Bill Lasarow, "Shroud," 2020, digital composite


How is it possible that words so obvious, so ordinary in their moral clarity become the very instrument of our self-immolation? “Equality.” “Justice.” “Peace.” That the balancing of those polarities between the molten core that props us up and the plasma from which we are risen seems cool and remote lends testament to our self-absorption. Hell, we’ve always garbed ourselves in universalities, pretentious moss that we are. We produce so much internal combustion that our molecules speed up to the point of breaking gravity. Old certainties pass some natural time limit, typically, even predictably in a moment we knew must come but understandably refuse to see. We arrive at the edge of yet another precipice bearing a five-foot shroud, resolved to wear it ourselves for mourning alone, because we let her do the work so we could reap the benefits. And she surely worked hard; the rest of us maybe not so much. Within that fabric we know that, suddenly, the only certainty is memory, and memory is nothing but boots beside a broken door.

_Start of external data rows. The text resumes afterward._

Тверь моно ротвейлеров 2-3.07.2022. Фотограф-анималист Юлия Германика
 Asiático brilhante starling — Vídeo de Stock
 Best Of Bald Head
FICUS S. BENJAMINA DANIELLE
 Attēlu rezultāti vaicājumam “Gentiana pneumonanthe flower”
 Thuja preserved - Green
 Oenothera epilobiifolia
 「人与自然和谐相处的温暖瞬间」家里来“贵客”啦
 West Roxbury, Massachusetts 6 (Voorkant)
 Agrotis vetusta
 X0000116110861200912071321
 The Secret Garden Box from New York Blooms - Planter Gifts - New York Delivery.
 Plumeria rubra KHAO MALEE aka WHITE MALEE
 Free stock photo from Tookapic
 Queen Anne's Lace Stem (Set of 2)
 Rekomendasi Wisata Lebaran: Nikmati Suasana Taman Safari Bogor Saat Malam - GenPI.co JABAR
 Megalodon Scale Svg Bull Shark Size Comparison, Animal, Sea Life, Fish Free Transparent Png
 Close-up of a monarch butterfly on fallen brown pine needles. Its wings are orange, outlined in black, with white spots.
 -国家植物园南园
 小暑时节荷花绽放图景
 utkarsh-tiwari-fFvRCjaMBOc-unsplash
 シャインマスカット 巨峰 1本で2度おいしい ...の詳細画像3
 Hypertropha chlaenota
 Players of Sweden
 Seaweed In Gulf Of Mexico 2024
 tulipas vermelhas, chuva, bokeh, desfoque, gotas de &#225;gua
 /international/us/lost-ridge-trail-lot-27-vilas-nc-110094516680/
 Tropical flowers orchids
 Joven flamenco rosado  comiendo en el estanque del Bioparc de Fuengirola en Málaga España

Small details, particular moments, a butterfly stuck to the heel of our own muddy shoe. What we do or, more to the point, fail to do to deserve the outcomes we dread is beside the point. We were the glue of a world that did not exist until mere moments ago. The plinth remains what it always was and always must be: An impermanent and imperfect platform, vast and trunkless legs of stone. 


Resolve to revel in that truth if you wish to move forward. The symbols we are invested in are no substitute for what they truly are, just as no person can or wants or deserves to save you and me, and the person who says otherwise is a factotum only to themselves, dangerous to themselves and everyone who suffers or invites their lethal touch. Such a one unsurprisingly delights in the violation of dying wishes.


The great tragedy of our moment is that we can see the boulders shaking loose, we understand what they will do to our dwelling, but since it hasn’t happened yet, we hope. Only yesterday the machinery with which our dwelling was built was gleaming under the nuclear sun, and we knew it could never break down. We wore our lace ruff of soft emulation while others stared into a blastula globe believing it was the world itself. Justice in our world has never managed to convene with superstition, no surprise, but need it all be so … Manichean?


Bitterly ironic how an earlier generation’s national felons, ambitious to cleanse the world of imagined imperfection, and the product of our own rehabilitation, now stand aghast. How could we not retain the very lessons they learned from our example? Could the toppling catastrophe they now witness be the product of a single ill-timed event? We all know better. But one ill-timed event marks the time of arrival for the rediscovery of what has been there all along. No singular individual but rather the universality of our uniqueness, the strength of millions and billions of fragile strands never left us. Understandably it is the bridge crossing that we have feared to make all along. What we knew to be a wide chasm, viewed from 30,000 feet appears to be a line in the sand; it fools the eye because we naturally prefer to postpone the inevitable. Here we now stand.